The protest is denied.

Thomas H. Armstrong
General Counsel



[1] The solicitation provided that the non-price factors, when combined, were significantly more important than price, however, past performance was the only non-price factor that was evaluated on other than a pass/fail basis.  RFP at 116.

[2] The solicitation defined recent as contracts performed within three years of the RFP’s issuance date for which a minimum of six months’ performance had been completed.  RFP at 118.

[3] The agency derived the annualized value of offerors’ past performance references by dividing the value provided for each contract in an offeror’s proposal by the number of months of completed performance and multiplying the result by 12.  AR, Tab 19, Past Performance Corrective Action Report, at 1; Tab 20, Corrective Action Update to SSEB Final Report, at 1-2.  For federal past performance references, the agency checked available price information in government databases to corroborate its annualized value calculations.  Id.

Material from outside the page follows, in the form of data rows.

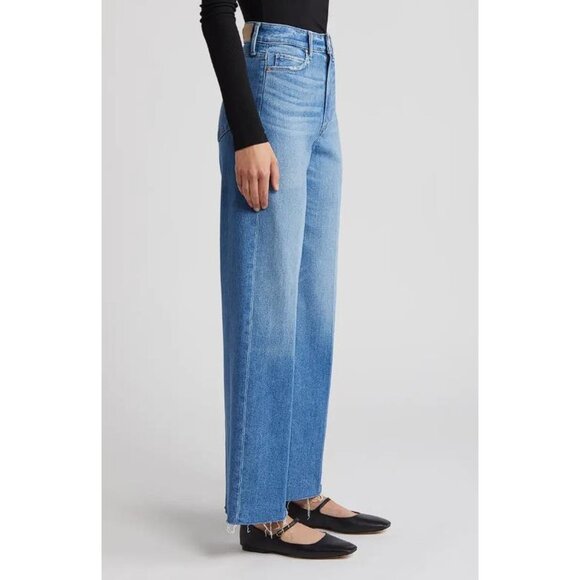 PAIGE Women's High Waist Raw Hem Wide Leg Jeans Size 28 In Mesmerize - Picture 3 of 12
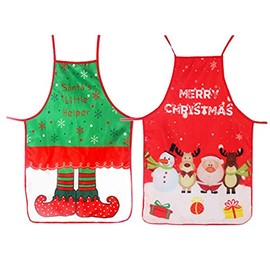 Camelliass 2pcs Christmas Aprons Cartoon Kitchen Aprons Adult Men Women Chef Apron for Xmas Party Cooking Restaurant Baking BBQ Home Decoration (Green + Red)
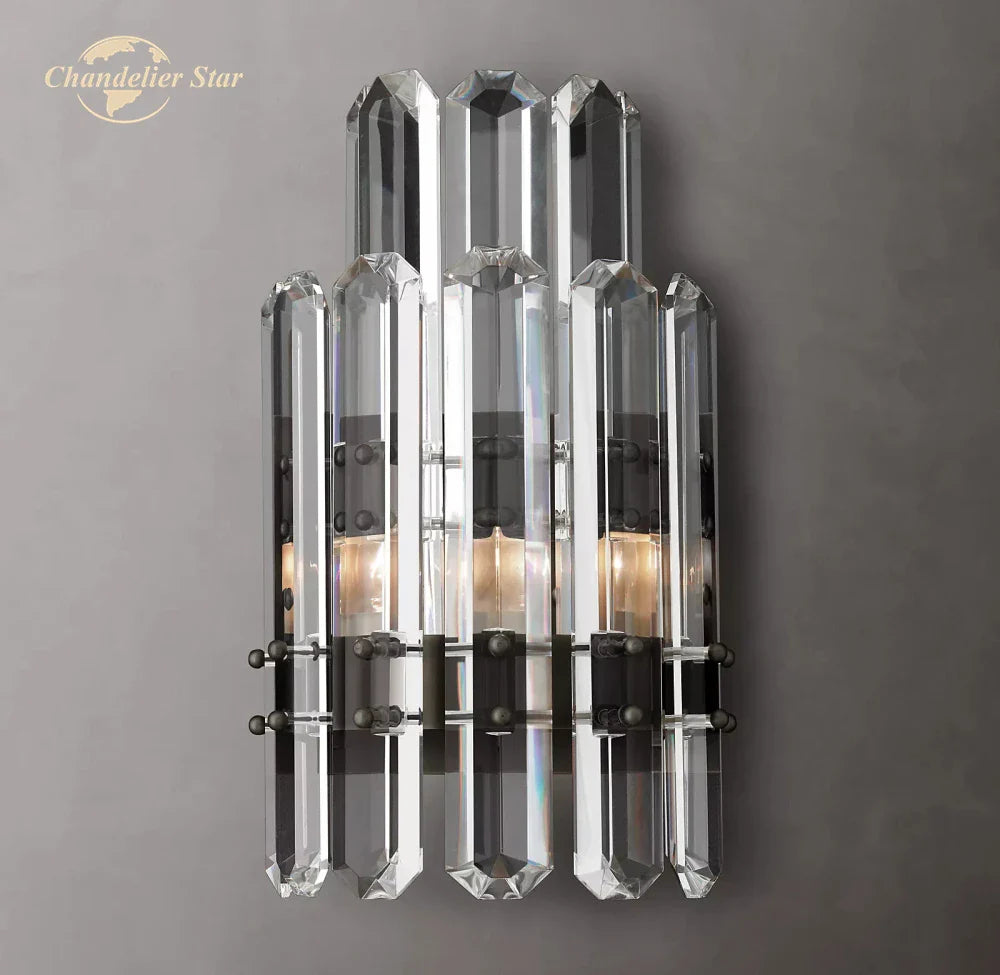 Afralia™ Crystal LED Wall Sconce Two Tiers Indoor Lighting for Bathroom Bedroom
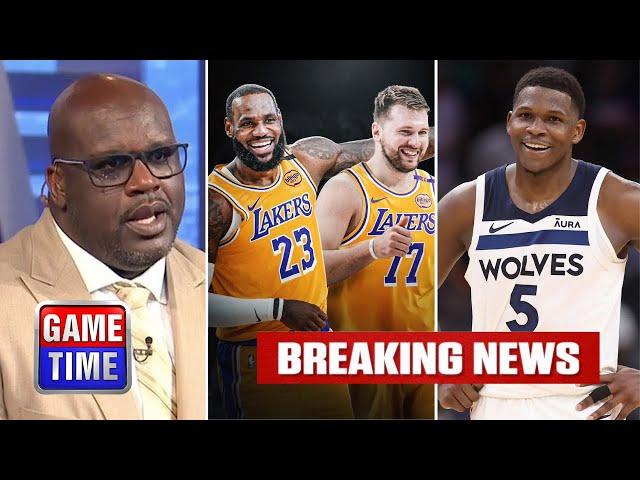 NBA GameTime | "Nobody wants to face Luka-LeBron" - Shaq UPDATES Lakers' starting lineup vs T-Wolves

[4] The agency incorrectly asserts that the solicitation requires 65 FTEs.  COS at 20; AR, Tab 2, Memorandum of Law (MOL) at 13.  The SOW lists 63 required positions.  RFP  at 141-142.

[5] The agency evaluated both Chenega and DRGs’ proposals as technically acceptable.  AR, Tab 21, SSD, at 23.  Chenega does not challenge the agency’s technical evaluation.

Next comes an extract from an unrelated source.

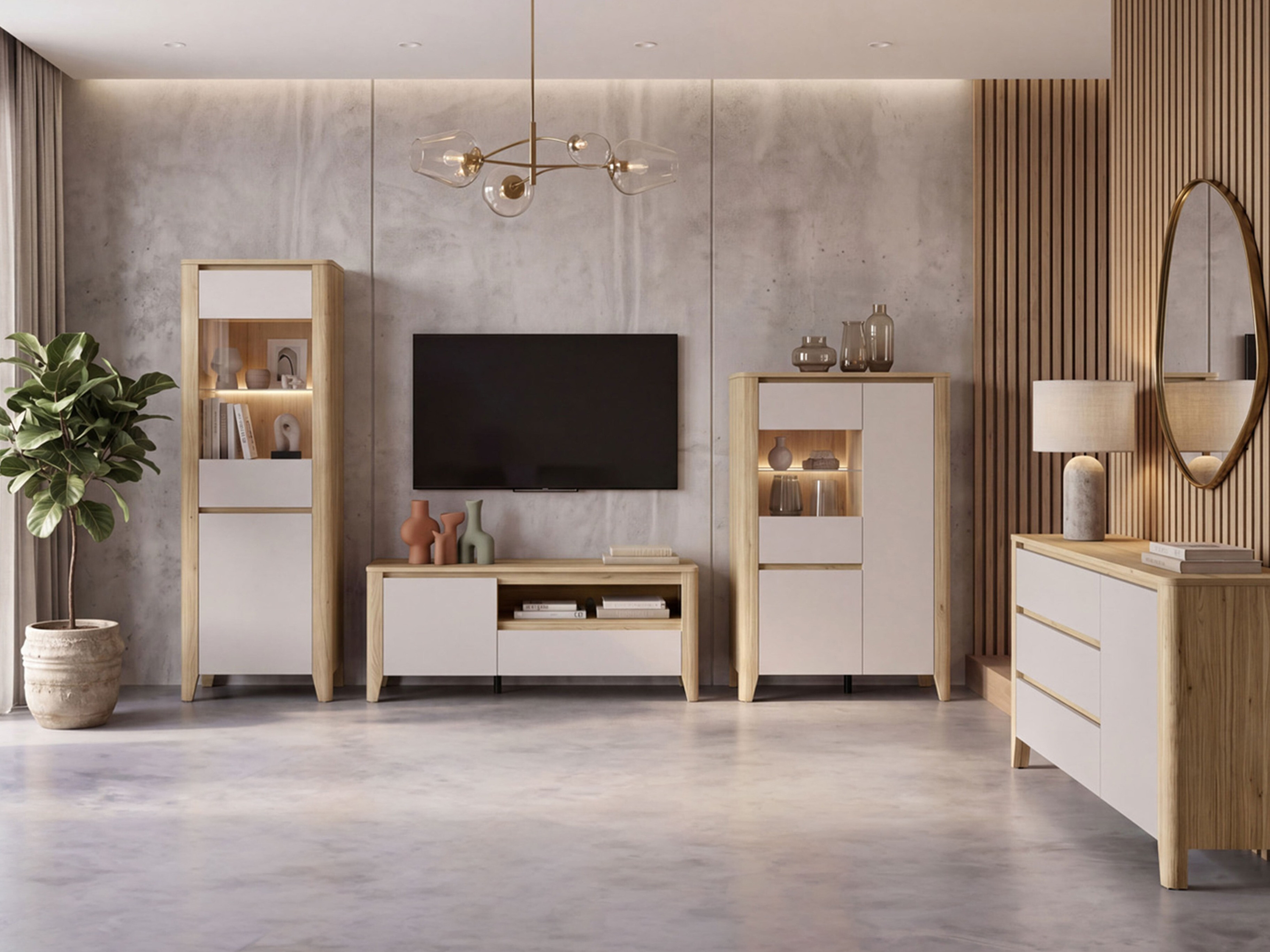 Living room set Talduno 108 (Light oak + Cashmere)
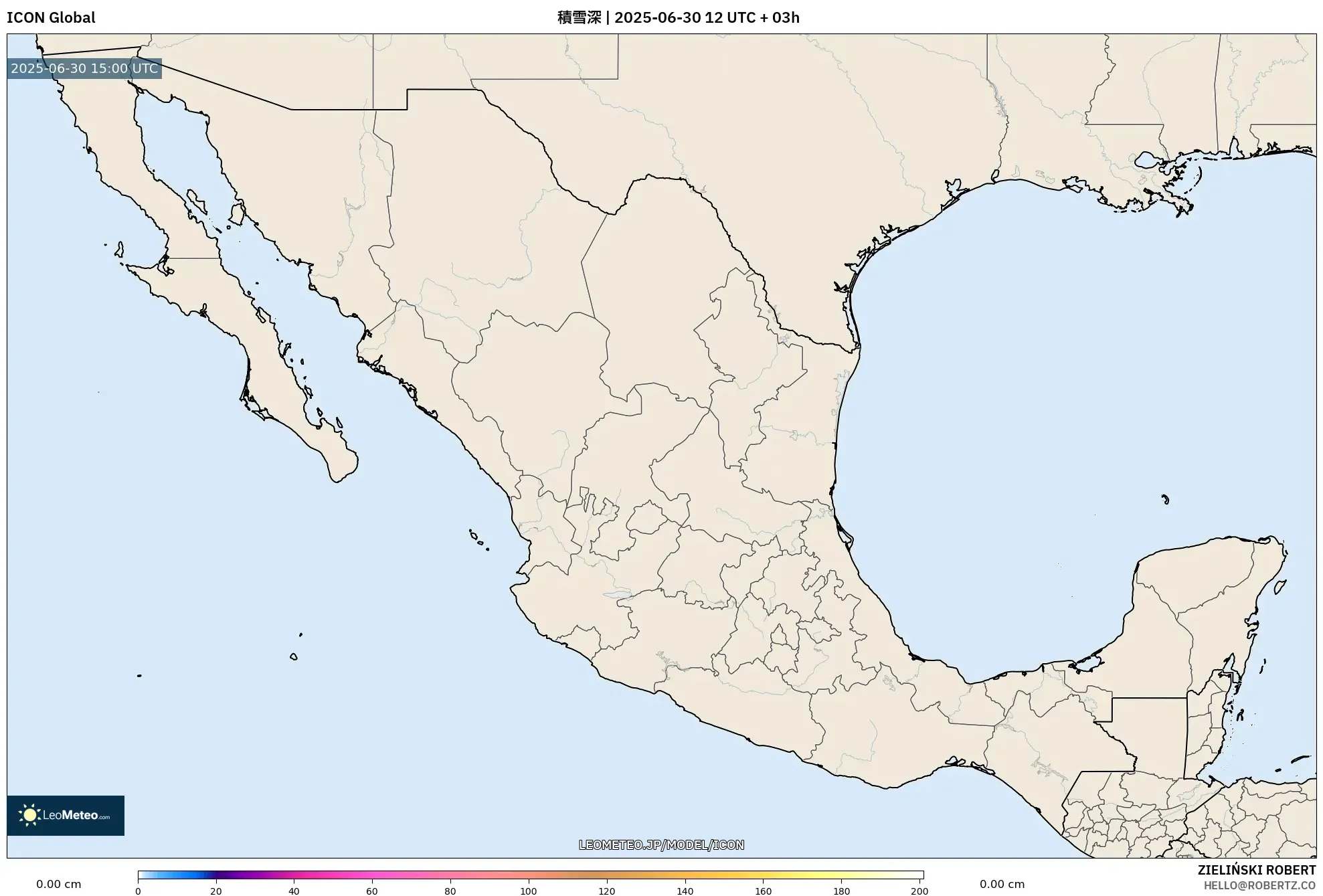 ICON model - メキシコ, 積雪深 ICON model - メキシコ, 積雪深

[6] Chenega also challenges the agency’s source selection decision, alleging that the agency’s best-value tradeoff was unreasonable insofar as it relied on the allegedly flawed past performance evaluation.  Protest at 16-20; Comments at 13-15, 17-21.  In addition, Chenega requests that we recommend reimbursement of Chenega’s costs for filing its earlier protest where the agency failed to correct the matters identified in its prior protest.  Protest at 20-22; Comments at 21-22.  Because we conclude the protester’s evaluation challenges are without merit, the protester’s challenge of the agency’s source selection decision and its request for reimbursement of protest costs, both of which are premised on the assumption that its evaluation challenges are meritorious, provide us no basis to sustain the protest. 

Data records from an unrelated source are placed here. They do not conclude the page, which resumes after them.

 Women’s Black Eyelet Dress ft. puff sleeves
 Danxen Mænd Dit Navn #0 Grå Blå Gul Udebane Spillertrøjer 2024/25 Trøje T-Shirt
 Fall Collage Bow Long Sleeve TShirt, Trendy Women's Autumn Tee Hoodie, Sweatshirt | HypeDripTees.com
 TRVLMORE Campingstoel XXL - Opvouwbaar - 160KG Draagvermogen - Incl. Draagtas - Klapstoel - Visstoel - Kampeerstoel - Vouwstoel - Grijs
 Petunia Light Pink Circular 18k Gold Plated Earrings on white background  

[7] As a general matter, throughout its protest Chenega challenges the evaluators’ past performance assessments because they were subjective.  See e.g., Comments at 8 (“[U]nconstrained by any disclosed standards, the evaluators subjectively assigned “relevance” ratings[.]”).  We have explained in numerous decisions that the evaluation of experience and past performance is, by its very nature, subjective.  See e.g., PricewaterhouseCoopers Public Sector, LLP, supra, at 11.  Without more, Chenega’s generalized disagreement with the agency’s subjective past performance evaluation judgments does not demonstrate that those judgments were unreasonable.  Id.

[8] Chenega’s assertion that “magnitude of effort” refers to the type of work involved, would essentially render the phrase synonymous with the terms “scope” and “complexity,” thereby making it superfluous.  Accordingly, this argument is without merit.

[9] The record reflects that DRG and Chenega each submitted only one past performance reference involving performance at two or more geographically separate locations where at least one location required status of forces agreement coordination.  AR,  Tab 5, Chenega’s Past Performance Proposal, at 9-20; Tab 6, DRG’s Past Performance Proposal, at 7-15; Tab 19, Past Performance Corrective Action Report, at 3-8, 41-46.

[10] In its comments, Chenega supplements its argument in this regard, contending that because the agency’s IGCE was based on Chenega’s proposal for the incumbent contract it suffered unique additional harm from the agency’s improper application of the IGCE to assess the magnitude of effort of offerors’ past performance references.  Comments at 16-17.  As discussed above, we find unobjectionable the agency’s use of its IGCE as part of the assessment of relevance of offerors’ past performance.  Nor do we find any merit in the protester’s argument that because the IGCE was based on its prior proposal, the agency’s application of it to the protester’s current proposal somehow resulted in an unequal evaluation.